A suspensão do X (antigo Twitter) no Brasil, por decisão do ministro Alexandre de Moraes, do Supremo Tribunal Federal (STF), repercutiu em todo o mundo na última semana. Se o embate entre a Corte e o empresário Elon Musk coloca em evidência uma inevitável discussão política, com enorme viés partidário, também deve servir como alerta para a falta de transparência das chamadas big techs, as gigantes da tecnologia, que aumenta a cada período eleitoral.

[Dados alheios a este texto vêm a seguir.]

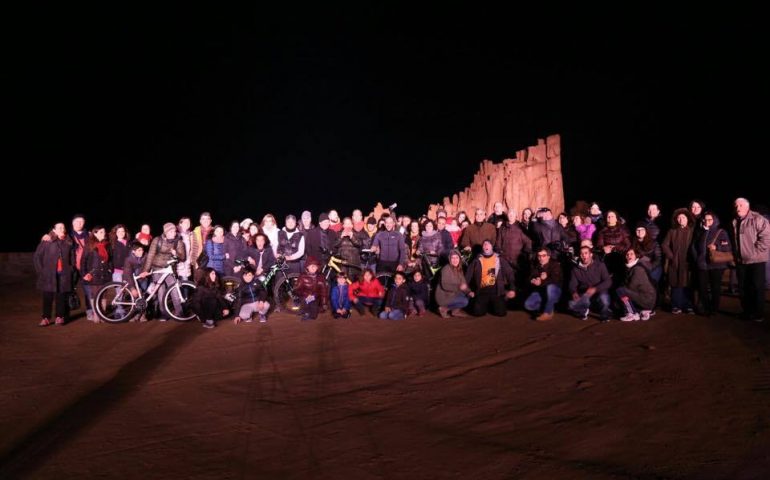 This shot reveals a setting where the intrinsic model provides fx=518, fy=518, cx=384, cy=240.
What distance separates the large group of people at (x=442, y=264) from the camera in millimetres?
8695

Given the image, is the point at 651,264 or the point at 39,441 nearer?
the point at 39,441

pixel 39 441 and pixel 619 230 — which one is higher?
pixel 619 230

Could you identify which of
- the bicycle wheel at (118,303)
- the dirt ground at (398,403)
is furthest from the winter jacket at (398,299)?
the bicycle wheel at (118,303)

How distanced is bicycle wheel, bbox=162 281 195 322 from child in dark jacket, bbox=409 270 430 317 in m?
4.17

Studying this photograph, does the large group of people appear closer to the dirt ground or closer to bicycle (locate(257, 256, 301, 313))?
bicycle (locate(257, 256, 301, 313))

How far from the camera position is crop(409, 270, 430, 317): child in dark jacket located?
32.6ft

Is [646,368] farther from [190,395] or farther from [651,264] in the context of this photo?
[190,395]

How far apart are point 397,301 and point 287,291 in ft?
8.13

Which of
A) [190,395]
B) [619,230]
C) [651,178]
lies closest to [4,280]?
[190,395]

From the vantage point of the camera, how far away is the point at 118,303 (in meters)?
9.50

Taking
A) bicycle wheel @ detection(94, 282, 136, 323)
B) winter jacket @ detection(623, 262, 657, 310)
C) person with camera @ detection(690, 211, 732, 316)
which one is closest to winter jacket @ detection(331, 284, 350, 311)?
bicycle wheel @ detection(94, 282, 136, 323)

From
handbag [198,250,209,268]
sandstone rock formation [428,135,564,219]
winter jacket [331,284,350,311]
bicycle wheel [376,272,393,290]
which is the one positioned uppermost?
sandstone rock formation [428,135,564,219]

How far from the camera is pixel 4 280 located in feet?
58.0

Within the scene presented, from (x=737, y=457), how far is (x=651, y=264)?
6.03 metres
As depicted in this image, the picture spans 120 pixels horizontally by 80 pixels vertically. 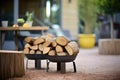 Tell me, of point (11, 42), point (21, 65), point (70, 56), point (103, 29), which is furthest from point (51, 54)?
point (103, 29)

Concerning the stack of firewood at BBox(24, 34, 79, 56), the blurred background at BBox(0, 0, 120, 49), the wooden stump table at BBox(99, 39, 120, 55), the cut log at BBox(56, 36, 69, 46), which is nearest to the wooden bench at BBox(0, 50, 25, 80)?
the stack of firewood at BBox(24, 34, 79, 56)

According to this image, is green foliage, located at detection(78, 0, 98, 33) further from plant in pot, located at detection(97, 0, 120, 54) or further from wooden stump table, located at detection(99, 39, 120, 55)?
wooden stump table, located at detection(99, 39, 120, 55)

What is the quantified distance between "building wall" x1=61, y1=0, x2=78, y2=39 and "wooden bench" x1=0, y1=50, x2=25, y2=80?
700cm

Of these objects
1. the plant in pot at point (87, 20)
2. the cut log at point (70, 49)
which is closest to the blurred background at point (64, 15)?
the plant in pot at point (87, 20)

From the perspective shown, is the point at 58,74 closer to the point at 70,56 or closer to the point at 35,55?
the point at 70,56

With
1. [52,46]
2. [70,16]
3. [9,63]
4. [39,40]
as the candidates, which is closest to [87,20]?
[70,16]

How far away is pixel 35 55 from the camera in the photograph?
6.49 m

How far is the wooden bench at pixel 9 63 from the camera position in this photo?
5321mm

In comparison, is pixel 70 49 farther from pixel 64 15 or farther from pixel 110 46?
pixel 64 15

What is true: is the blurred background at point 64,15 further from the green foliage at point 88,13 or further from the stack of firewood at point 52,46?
the stack of firewood at point 52,46

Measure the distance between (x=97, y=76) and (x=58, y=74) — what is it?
0.73 metres

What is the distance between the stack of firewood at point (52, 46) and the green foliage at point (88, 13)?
21.8ft

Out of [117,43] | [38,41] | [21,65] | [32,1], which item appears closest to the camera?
[21,65]

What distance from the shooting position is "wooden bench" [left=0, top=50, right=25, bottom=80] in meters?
5.32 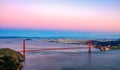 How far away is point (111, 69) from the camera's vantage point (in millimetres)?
14680

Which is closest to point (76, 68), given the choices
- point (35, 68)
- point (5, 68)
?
point (35, 68)

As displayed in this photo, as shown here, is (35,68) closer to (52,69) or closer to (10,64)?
(52,69)

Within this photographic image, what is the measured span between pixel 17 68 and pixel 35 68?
2.28 m

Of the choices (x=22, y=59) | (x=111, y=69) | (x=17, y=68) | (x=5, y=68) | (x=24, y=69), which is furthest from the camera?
(x=22, y=59)

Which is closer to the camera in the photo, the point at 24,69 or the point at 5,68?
the point at 5,68

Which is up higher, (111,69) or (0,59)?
(0,59)

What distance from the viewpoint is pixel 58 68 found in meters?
14.6

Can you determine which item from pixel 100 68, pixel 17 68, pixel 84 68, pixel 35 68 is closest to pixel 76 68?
pixel 84 68

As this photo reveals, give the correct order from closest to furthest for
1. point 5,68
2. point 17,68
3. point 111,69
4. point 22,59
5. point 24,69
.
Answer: point 5,68
point 17,68
point 24,69
point 111,69
point 22,59

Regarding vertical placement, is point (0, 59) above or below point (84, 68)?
above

Em tempos nos quais as campanhas dos candidatos às prefeituras e câmaras municipais se voltam pesadamente para as redes sociais, o monitoramento das estratégias dos comitês eleitorais nesses espaços digitais tem sido praticamente impossível – ou no mínimo exige algum trabalho braçal incompatível com a rotina de redações jornalísticas e de pesquisadores. Em março, a Meta anunciou o fim da ferramenta CrowdTangle, que permitia acesso da população aos conteúdos em alta no Instagram e no Facebook, ambos administrados pela empresa de Mark Zuckerberg. Esse acesso, no entanto, sempre dependeu de linguagens de programação.

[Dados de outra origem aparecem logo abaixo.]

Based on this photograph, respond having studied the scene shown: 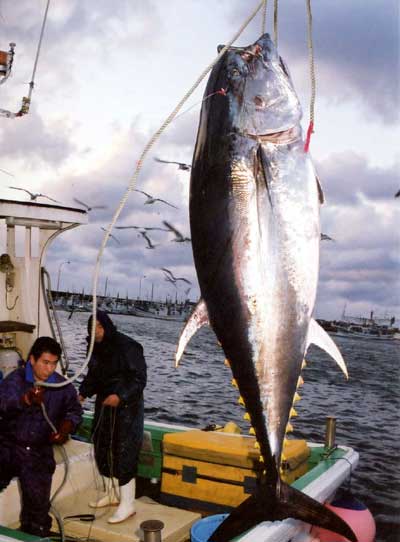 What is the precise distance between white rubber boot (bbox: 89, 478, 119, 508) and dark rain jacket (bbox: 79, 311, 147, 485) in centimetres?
32

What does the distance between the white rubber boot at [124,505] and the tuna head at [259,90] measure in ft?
14.6

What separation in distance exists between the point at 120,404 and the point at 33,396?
3.69ft

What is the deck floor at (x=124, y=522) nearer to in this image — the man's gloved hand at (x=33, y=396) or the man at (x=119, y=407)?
the man at (x=119, y=407)

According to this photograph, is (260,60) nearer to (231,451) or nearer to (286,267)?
(286,267)

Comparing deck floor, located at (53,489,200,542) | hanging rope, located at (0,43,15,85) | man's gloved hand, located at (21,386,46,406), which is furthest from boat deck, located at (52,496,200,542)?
hanging rope, located at (0,43,15,85)

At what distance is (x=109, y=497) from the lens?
604cm

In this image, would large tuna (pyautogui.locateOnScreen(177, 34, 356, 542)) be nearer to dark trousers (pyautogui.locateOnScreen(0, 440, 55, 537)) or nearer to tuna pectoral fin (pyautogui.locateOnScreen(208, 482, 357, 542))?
tuna pectoral fin (pyautogui.locateOnScreen(208, 482, 357, 542))

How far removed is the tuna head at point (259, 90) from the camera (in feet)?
7.09

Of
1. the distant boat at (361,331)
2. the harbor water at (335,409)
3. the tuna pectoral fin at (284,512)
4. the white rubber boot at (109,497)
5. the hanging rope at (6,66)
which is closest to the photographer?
the tuna pectoral fin at (284,512)

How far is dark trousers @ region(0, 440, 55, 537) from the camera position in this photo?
4.87 metres

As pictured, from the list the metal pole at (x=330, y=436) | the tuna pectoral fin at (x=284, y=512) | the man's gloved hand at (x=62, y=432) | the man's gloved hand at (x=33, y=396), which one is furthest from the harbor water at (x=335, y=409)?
the tuna pectoral fin at (x=284, y=512)

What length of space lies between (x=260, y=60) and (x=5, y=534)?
12.0 feet

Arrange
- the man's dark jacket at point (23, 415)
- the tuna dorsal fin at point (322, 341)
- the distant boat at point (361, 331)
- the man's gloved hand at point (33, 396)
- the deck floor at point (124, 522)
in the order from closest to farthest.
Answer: the tuna dorsal fin at point (322, 341) → the man's gloved hand at point (33, 396) → the man's dark jacket at point (23, 415) → the deck floor at point (124, 522) → the distant boat at point (361, 331)

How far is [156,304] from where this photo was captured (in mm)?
127438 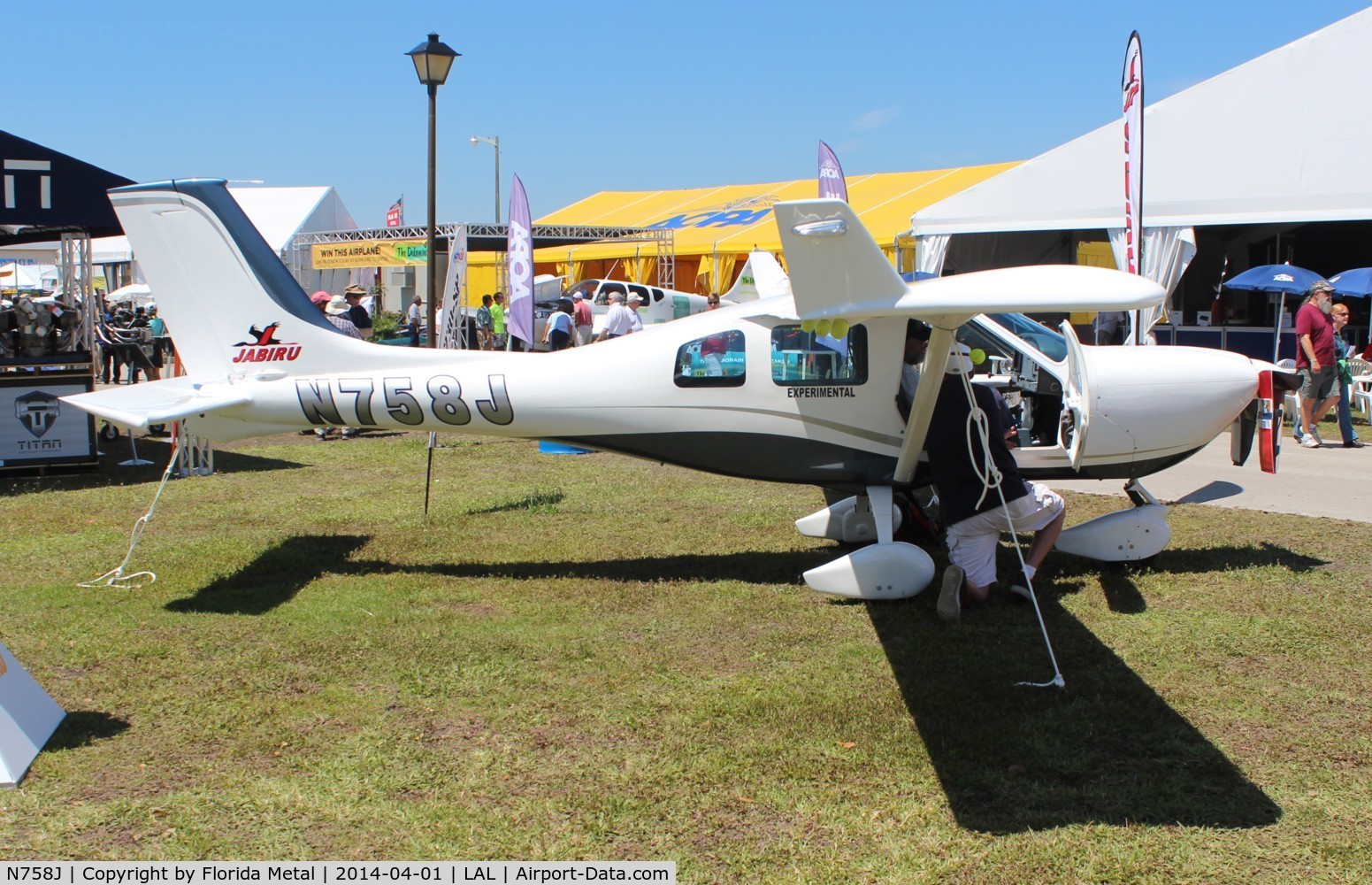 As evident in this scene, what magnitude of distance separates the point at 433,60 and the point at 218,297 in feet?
21.8

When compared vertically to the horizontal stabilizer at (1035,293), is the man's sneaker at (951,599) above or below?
below

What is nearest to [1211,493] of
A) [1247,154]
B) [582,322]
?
[1247,154]

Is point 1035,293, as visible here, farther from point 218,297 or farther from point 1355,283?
point 1355,283

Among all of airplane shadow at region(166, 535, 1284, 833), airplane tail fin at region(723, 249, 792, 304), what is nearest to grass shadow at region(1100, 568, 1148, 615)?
airplane shadow at region(166, 535, 1284, 833)

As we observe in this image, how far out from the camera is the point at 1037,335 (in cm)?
750

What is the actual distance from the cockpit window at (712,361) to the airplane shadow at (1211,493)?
4.71 metres

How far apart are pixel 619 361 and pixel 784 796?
352 cm

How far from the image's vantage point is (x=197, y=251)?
7102 mm

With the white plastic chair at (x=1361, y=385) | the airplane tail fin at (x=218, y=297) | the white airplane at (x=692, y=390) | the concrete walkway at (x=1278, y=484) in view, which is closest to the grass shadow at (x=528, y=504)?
the white airplane at (x=692, y=390)

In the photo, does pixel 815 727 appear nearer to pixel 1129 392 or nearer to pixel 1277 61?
pixel 1129 392

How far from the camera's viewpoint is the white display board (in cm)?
423

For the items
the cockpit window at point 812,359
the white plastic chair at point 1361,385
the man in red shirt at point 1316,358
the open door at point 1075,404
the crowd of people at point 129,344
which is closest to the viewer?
the open door at point 1075,404

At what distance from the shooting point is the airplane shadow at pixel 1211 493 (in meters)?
9.25

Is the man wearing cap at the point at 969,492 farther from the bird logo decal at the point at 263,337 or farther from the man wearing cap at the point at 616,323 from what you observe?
the man wearing cap at the point at 616,323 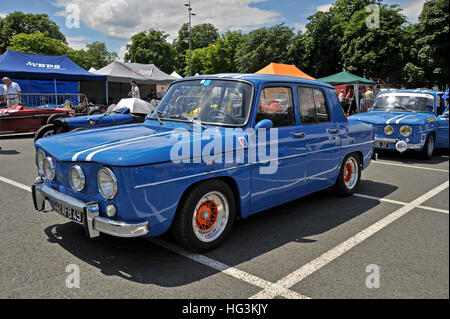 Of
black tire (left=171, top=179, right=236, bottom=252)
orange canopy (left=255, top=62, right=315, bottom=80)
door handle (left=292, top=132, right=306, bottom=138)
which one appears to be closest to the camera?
black tire (left=171, top=179, right=236, bottom=252)

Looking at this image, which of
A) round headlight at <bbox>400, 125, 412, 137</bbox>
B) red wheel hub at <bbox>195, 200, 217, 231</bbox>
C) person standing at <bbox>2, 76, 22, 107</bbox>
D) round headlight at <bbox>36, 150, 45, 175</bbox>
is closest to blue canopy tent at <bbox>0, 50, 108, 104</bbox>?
person standing at <bbox>2, 76, 22, 107</bbox>

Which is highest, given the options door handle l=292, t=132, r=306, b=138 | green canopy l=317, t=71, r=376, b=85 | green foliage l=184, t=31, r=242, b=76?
green foliage l=184, t=31, r=242, b=76

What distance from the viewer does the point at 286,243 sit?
384 cm

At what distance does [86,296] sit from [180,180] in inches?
45.1

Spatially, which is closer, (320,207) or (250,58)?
(320,207)

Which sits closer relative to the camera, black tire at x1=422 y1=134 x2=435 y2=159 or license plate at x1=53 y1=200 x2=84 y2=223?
license plate at x1=53 y1=200 x2=84 y2=223

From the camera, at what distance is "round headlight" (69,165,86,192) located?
317 cm

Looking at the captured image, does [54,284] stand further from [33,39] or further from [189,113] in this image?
[33,39]

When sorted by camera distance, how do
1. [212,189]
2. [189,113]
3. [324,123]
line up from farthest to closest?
1. [324,123]
2. [189,113]
3. [212,189]

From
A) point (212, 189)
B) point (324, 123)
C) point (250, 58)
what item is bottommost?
point (212, 189)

A ferramenta oferecia uma API, espécie de interface que permitia a coleta de dados em massa. Assim, era possível comparar mais facilmente o comportamento de determinados perfis no Instagram e no Facebook e entender, por exemplo, se um candidato se comporta nas redes da mesma maneira que sugere seu plano de governo. Ou, melhor, se ele realmente se importa com propostas para sua cidade, em vez de usar esses canais de comunicação apenas para “fazer barulho”. O serviço também cumpria boa parte da base de pesquisa de cientistas da comunicação e de áreas da tecnologia.

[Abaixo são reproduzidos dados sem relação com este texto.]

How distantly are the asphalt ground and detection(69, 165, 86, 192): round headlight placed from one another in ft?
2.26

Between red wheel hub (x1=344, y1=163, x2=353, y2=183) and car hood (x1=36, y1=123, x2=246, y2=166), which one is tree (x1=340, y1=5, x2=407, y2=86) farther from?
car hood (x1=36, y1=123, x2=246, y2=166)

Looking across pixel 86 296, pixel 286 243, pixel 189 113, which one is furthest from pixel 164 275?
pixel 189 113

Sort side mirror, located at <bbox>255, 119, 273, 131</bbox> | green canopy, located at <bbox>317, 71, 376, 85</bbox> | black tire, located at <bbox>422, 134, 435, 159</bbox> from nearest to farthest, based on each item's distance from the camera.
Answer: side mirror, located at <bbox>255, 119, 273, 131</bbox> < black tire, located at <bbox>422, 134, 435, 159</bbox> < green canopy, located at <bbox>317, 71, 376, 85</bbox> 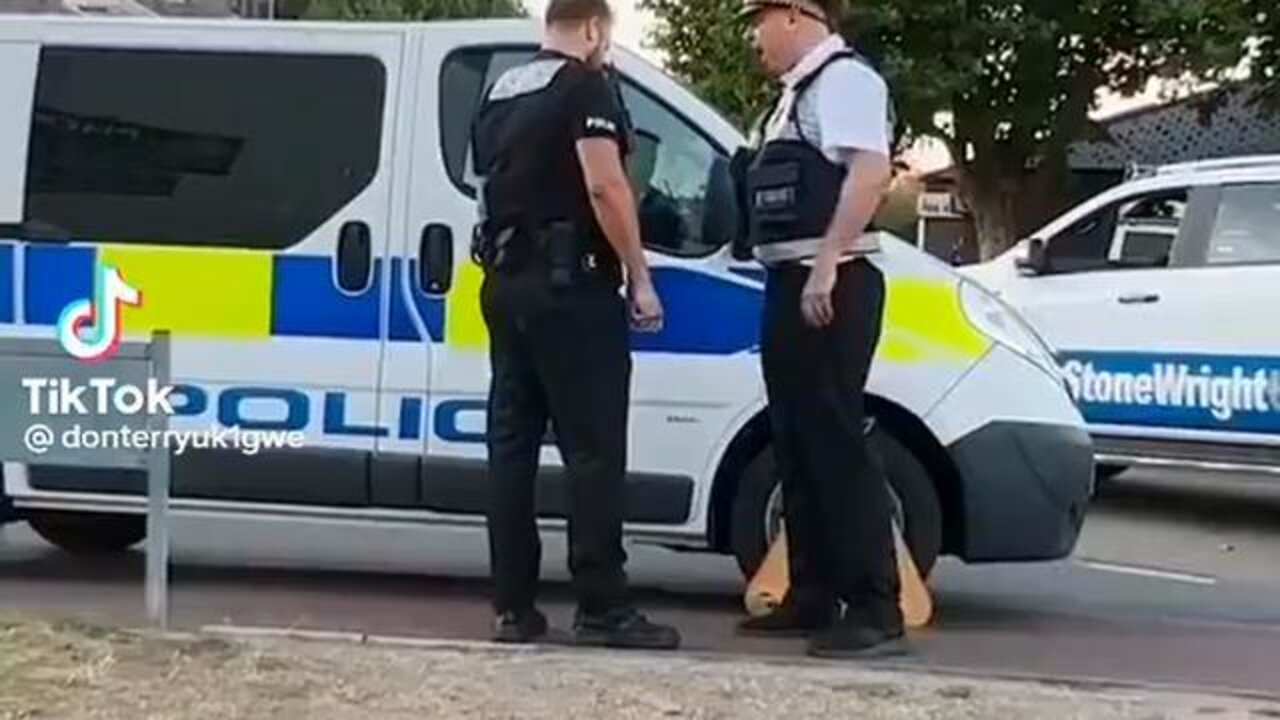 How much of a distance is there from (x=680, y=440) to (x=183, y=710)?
2594 millimetres

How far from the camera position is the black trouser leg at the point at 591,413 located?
21.7 ft

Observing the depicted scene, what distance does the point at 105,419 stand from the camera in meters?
6.54

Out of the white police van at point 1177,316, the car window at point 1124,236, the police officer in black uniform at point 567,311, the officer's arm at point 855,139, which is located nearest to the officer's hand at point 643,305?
the police officer in black uniform at point 567,311

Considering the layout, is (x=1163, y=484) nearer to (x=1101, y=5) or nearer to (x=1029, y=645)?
(x=1029, y=645)

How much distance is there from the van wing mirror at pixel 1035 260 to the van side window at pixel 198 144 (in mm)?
5053

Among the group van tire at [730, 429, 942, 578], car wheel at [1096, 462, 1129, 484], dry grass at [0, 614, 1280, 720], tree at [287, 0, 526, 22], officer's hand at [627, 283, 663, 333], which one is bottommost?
car wheel at [1096, 462, 1129, 484]

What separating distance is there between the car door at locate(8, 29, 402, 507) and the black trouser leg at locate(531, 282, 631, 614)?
4.27 ft

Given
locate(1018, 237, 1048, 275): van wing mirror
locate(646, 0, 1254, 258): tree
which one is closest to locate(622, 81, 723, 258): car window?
locate(1018, 237, 1048, 275): van wing mirror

Hoje, o acesso a esses dados ainda pode ser feito, mas a lista de profissionais com permissão não inclui jornalistas – o que compromete uma das principais prerrogativas da área, a fiscalização do poder público. Ainda assim, aqueles que podem recorrer ao serviço precisam passar por um processo burocrático e demorado, que exige até mesmo documentações protocoladas nos Estados Unidos.


A decisão da Meta de restringir esse acesso aos seus dados caminha de mãos dadas com a de Elon Musk, que manteve a recusa de nomeação de um representante legal do escritório do X no Brasil. Isso sem contar o desrespeito do mesmo bilionário às decisões judiciais que obrigam o bloqueio de contas que espalham informações falsas, discursos extremistas e antidemocracia no microblog.


O momento atual deixa claro de que lado as big techs estão no cabo de guerra do jogo democrático. Em nome do aumento de usuários e do tráfego sem qualquer limitação, evidentemente para faturar mais com diferentes frentes, sobretudo a publicidade, as redes sociais se colocam acima do bem e do mal, inclusive das leis de cada país – ainda que aqui caiba alguma separação entre algumas redes, como o YouTube, que ainda permitem acesso a dados de maneira razoável.


A postura de Elon Musk, após o bloqueio assinado por Moraes, é emblemática neste sentido. O empresário classifica o ministro como “violador de juramentos”, quando o próprio bilionário não respeita as leis do país onde sua empresa opera. Também afirma que as ações de Alexandre “são contra a vontade do povo brasileiro”, quando, na realidade, o dever do STF é defender a Constituição, independentemente da vontade popular.


A urgência por maior transparência das redes nada tem a ver com uma eventual censura dos conteúdos publicados nelas. Muito pelo contrário. A permissão do acesso a esses dados por jornalistas, pesquisadores e outros profissionais complementa o papel vigilante da democracia brasileira. O próprio fato de cobrar por esse acesso, como Musk tem feito desde que assumiu o X, mostra que o objetivo principal ao restringi-lo é o lucro, não resguardar seus usuários.


O que precisa ser entendido é que o combate à desinformação e às notícias fraudulentas não pode ser feito só por parte da imprensa profissional. Esse dever também cabe às plataformas. O financiamento de projetos como o Comprova – conglomerado de verificação de notícias ao qual o Estado de Minas está integrado como parceiro – é um começo, mas o principal passo em direção ao resguardo da democracia só pode ser dado a partir da transparência.